The May 27 graduation saw 229 students receive diplomas, 79 of whom were honor graduates.
Counselor Kate Jarrard announced that the graduating class had received more than $1,200,000 in scholarships for continuing education.
Also recognized was Barry Alexander Thurmond, who had perfect attendance his entire school career.
Salutatorian Isabel Queen kept her speech short, but sweet.
She said she turned to YouTube for inspiration for her speech.
"There I found all the components of a good speech are not that far off from the components of a good life," Queen said. "Honesty, confidence, empathy and compassion just to name a few."
Queen said that though high school taught her and her peers many academic lessons, it's the life lessons learned that will help guide their futures.
"Now what matters is where we go from here," Queen said. "The challenge is to combine hard work, right attitude and determination into functional adults, who make the world into a little bit better of a place every day."
In conclusion Queen left the audience with a few inspirational phrases because, as she put it, what's a graduation speech without some cliches.
"‘Believe in yourself and you're already halfway there,' 'this isn't the end, it's merely just a new beginning,' and ‘for the most important decisions in your life, trust your intuition and work with everything you have to prove it right,'" Queen said.
Superintendent Damon Gibbs spoke to the graduating class about choices.
His speech centered on pop culture references that marked each of the student's high school years, such as the release of Disney's "Frozen," the popularity of dance moves such as the Harlem shake, the marriage of Kim and Kanye West and the release of Playstation 4.
"Whereas you will have very little influence on pop culture, you do have the power of choice," Gibbs said. "The decisions you make today will impact the rest of your life. So, listen more than you speak, laugh every day, make time for family and only worry about the things that you can change."
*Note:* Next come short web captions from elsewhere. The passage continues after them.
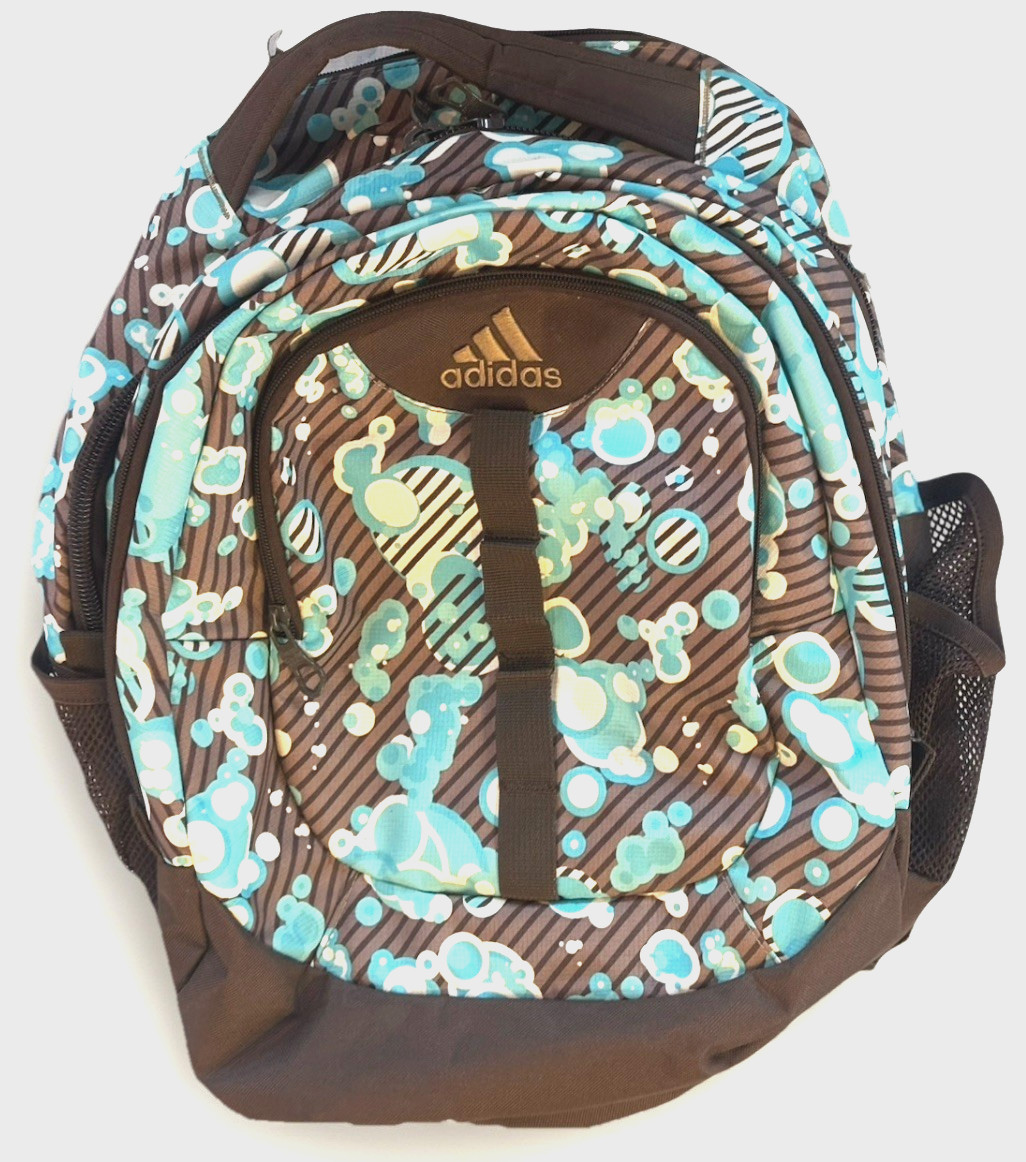 Adidas Backpack Multi-Pocket Load Spring Brown with Turquoise Blue White Bubbles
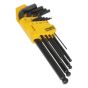 Ball-End Hex Key Set 9pc Long Metric Sealey Part No. S01093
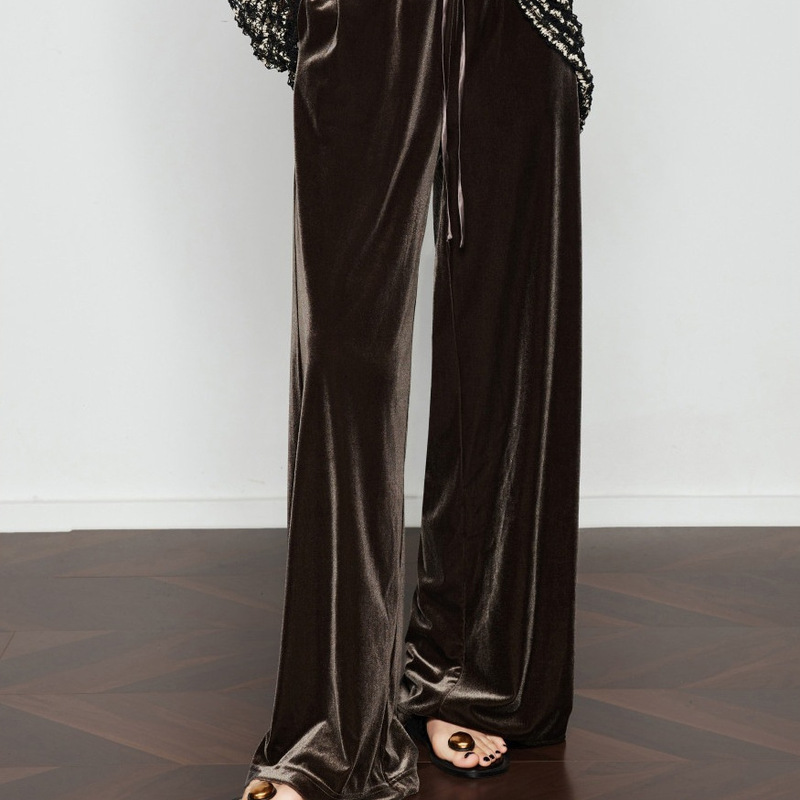 [Wave Velvet 2.0] Velvet Wide Leg Pants Brown 25 Autumn Elastic Drawstring Casual Pants
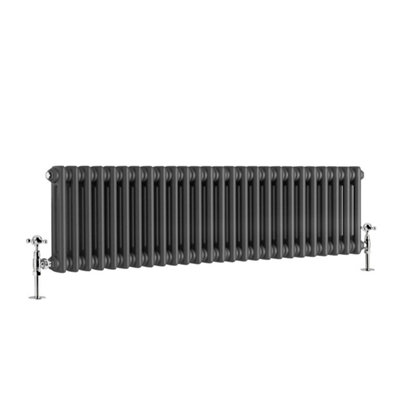 G-Rad Anthracite Double Column Horizontal Cast Iron Radiator - (H) 300 x (W) 1165mm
At the end of the ceremony, the class of 2017 was instructed to move the tassels on their mortarboards to the left, signaling their transition from students to graduates.
They left the stadium with "I'll be there for you" by The Rembrants blasting over the loudspeakers as family and friends gathered behind the stadium to await their newly-minted alumni.
As she waited, Queen's mom Dionne said she was extremely proud of her Salutatorian daughter, who she described as fiercely independent. Dionne said this was the first time she had heard her daughter's speech.
"It's been a wonderful four years," she said. "She's worked real hard, it's a sigh of relief."
Queen also won the honor of prom queen, and reportedly asked her mother (somewhat seriously) if she could wear her crown to graduation.
"She was so thrilled to have been nominated by her peers for that," Dionne said. "She's been on a ride these last few weeks."
One graduate, after receiving her diploma and being reunited with her family, seemed shocked that her time in high school had finally ended.
"I'm just very excited," said Nina Roberts, 17. "I still can't believe its happening!"